I’m tired of mental health ruling my life, but my mental health is just that – mine whether I want it or not. The question is how I can use my mental health to my advantage. OCD-me loves picking weeds because it’s detail-oriented and there is something about clearing weeds that satisfy an obsession for a better-looking yard. That is using my mental health to my advantage. (FYI-Bipolar-me likes to fight with OCD-me, so please don’t think I have the perfect yard.)

So how can I use the often reigning Bipolar-me to my advantage with future goals/tasks/obligations/conquests? There’s a thought. Perhaps my goals need to become quests.

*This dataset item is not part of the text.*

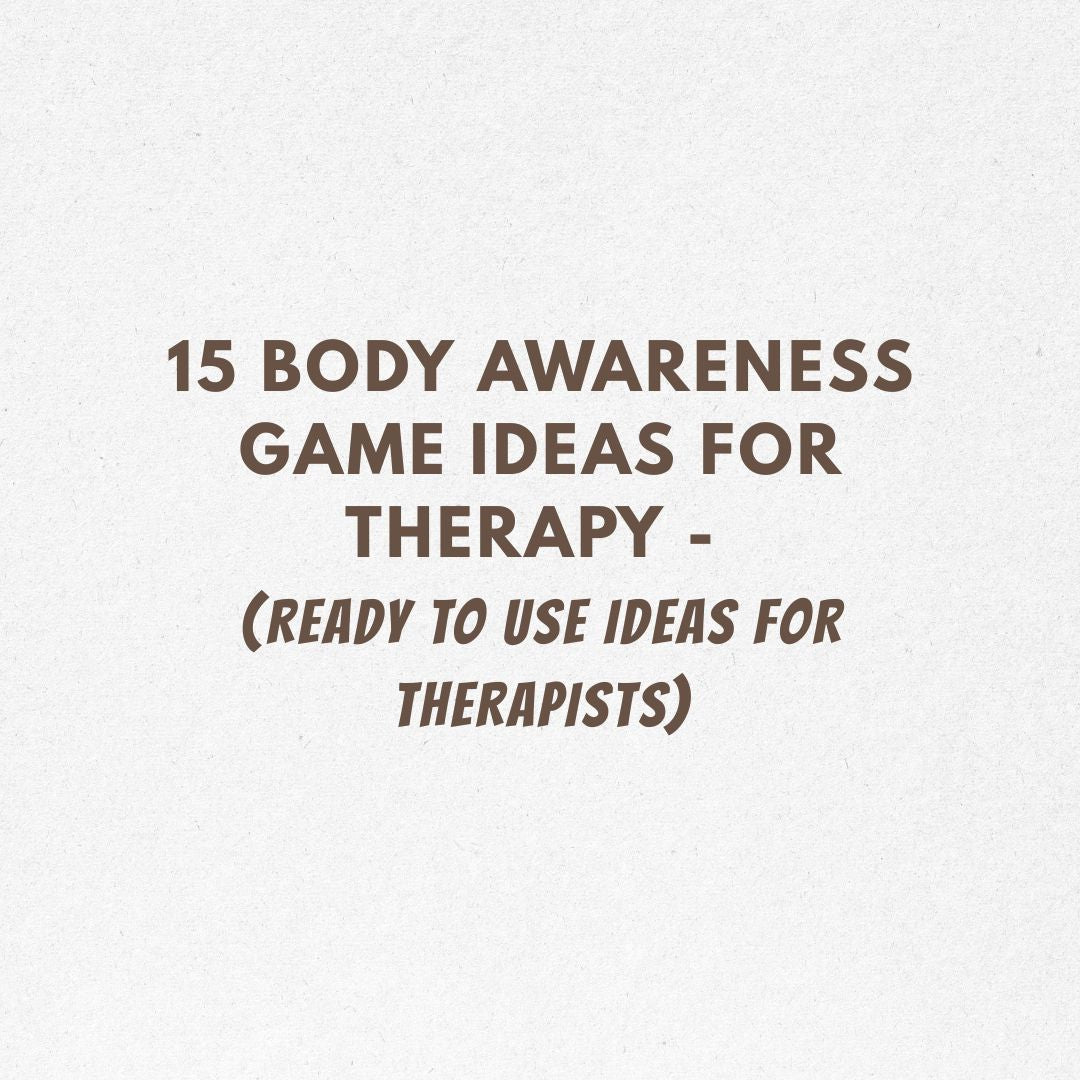 15 Body Awareness Game Ideas for Therapy - Ready to Use Ideas for Therapists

What’s the fun in life if you can’t have a few epic quests? Here’s the big problem: Bipolar Depressive-me. How can I combat that troll? (I like dragons too much to turn them into the bad guys.)

While nothing will completely vanquish that troll, I can keep it more at bay with self-care and understanding my mental health cycles. The troll will appear and take over, but I can exercise self-care to combat it like a sword of light. (I like swords, too. Have I shown you my sword wall? – And there we see a glimpse of Bipolar Manic-Me.)

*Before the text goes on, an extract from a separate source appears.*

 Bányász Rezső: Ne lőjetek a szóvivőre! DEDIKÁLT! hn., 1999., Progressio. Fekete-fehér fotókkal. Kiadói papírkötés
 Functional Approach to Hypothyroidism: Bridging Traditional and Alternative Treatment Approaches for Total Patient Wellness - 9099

Self-care for me means showering, brushing my teeth, reading for fun, and crafting. I cross stitch and have recently discovered diamond painting. A few to 30 minutes of self-care often helps me focus more on my current quest. (Oh, how I love metaphors.)

So there we have a partial and imperfect solution to a problem that will never go away, but it’s a start. I still fear the future and worry about my future endeavors, but I have a plan to work thorough that fear. We’ll see how well it works and adjust as necessary. That’s all anyone can do when faced with a troll.